Oğlanlar masa tenisini çözdüler. Televizyondan eğitimde ciddiyeti sağlamak zor oldu. Yemek seçimi konusunda huzursuzluk çıkarana, diğer aile fertleri koro halinde "zıkkımın bekini ye!" demeye başladı. Eski resim, evrak, dosyaları elden geçirdim. Evde onarılacak yerler vardı. Daha çok bozarım diye hiç elimi sürmedim. Kemal Sunal filmi gibisi yok. Postacı en güzeli.

4. HAFTA
Televizyonda Salgın'a dair bir şey izlememeye karar verdik. Yaptığımız ekmekler değme fırıncılara taş çıkaracak cinsten. Salgın geçince fırın açmayı bile düşünüyoruz. Yine kargocu geldi. Adama iyi davrandım bu sefer. Balkondaki adam, yanındaki birisiyle sigara içiyor. Küllükleri de var! Anladım bu adam yalnız olduğunda bahçe aklına geliyor. Misafir şart.
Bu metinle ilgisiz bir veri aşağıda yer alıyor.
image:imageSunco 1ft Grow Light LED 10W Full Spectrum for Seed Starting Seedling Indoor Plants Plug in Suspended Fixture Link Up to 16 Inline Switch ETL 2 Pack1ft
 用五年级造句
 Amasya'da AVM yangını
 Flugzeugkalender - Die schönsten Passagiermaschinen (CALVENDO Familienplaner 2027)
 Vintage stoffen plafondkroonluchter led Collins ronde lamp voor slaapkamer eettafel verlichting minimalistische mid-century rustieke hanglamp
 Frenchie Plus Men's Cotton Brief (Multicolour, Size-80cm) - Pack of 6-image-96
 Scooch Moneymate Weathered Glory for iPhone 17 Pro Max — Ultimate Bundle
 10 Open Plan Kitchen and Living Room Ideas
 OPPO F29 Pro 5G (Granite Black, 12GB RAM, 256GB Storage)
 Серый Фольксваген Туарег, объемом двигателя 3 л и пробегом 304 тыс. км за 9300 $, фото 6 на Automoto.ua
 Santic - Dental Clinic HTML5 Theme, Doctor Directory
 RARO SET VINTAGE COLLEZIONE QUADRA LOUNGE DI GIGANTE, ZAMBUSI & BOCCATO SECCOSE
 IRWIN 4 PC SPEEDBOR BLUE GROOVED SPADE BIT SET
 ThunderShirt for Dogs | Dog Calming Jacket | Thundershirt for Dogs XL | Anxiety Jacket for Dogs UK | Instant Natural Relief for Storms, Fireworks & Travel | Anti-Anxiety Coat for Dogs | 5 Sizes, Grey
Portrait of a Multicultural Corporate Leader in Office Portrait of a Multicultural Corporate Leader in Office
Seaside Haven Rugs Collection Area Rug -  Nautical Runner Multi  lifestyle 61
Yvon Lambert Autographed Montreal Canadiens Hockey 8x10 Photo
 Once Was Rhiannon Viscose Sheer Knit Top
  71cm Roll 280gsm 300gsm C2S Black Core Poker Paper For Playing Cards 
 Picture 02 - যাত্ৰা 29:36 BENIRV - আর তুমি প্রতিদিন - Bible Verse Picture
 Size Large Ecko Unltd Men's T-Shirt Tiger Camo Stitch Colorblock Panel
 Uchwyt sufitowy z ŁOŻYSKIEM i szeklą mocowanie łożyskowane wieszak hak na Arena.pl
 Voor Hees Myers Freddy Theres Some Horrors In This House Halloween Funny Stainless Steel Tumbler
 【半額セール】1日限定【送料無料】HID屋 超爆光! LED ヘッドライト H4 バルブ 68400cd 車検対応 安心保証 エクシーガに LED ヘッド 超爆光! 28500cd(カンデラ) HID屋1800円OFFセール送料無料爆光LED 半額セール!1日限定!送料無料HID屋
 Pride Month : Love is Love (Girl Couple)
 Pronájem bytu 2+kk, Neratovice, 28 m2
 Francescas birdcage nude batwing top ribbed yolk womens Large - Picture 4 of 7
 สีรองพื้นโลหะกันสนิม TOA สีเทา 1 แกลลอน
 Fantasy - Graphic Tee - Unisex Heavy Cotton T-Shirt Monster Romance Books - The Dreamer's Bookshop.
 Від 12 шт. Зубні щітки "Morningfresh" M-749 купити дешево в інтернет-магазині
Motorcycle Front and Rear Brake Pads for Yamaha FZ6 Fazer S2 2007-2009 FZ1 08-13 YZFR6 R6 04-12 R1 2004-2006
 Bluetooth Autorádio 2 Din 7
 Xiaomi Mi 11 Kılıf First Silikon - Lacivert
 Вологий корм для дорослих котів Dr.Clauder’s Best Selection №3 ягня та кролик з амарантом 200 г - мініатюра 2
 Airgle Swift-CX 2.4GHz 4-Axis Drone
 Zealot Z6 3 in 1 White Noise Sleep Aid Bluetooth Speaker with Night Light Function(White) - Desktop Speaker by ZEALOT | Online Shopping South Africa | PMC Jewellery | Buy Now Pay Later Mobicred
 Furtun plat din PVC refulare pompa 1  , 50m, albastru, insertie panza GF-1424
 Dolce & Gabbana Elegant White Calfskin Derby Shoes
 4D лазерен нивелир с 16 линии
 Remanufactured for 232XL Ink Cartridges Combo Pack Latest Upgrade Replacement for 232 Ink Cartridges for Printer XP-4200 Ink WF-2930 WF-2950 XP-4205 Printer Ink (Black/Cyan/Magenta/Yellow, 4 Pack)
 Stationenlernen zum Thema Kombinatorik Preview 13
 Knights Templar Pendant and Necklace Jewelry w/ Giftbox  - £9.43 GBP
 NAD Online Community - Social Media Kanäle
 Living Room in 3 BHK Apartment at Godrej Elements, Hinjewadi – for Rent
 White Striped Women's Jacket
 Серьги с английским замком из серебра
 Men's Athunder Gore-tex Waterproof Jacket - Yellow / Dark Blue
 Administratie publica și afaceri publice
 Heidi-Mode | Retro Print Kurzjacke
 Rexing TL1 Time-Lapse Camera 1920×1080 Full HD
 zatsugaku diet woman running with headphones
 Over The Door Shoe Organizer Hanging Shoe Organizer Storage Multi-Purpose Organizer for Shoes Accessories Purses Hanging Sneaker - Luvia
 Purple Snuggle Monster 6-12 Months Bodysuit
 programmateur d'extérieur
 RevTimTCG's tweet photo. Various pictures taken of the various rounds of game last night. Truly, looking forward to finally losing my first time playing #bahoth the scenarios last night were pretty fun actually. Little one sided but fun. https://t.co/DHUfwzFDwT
Evde kimsenin gözünün yaşına bakılmıyor artık. Herkes önüne konulanı yiyor uslu uslu. Saç tıraşı için makine getirdi kargocu. Tatbikatı büyük oğlanın üzerinde yaptık. Sonuç fena değildi.
Hiç bu kadar elimi yıkadığımı hatırlamıyorum. Sanırım obsesif oldum. Yıkama sonrası üstüne kolonya sürülmeyen el, az temizlenmiştir.
Hababam sınıfı da iyi gidiyor. Birazdan ne diyeceğini ezberlediğimiz o filmin karesine, pusudaki kahkahamız hazır, bir daha bir daha eşlik ettik.
Baykuş gelmiyor birkaç gündür; ama görüyorum onları.  Erkek olanı uzaktan izliyor, yanındaki eşine bizi çekiştiriyor: "Bak görüyon mu, insanlara imreniyordun. Bizden beter oldular!"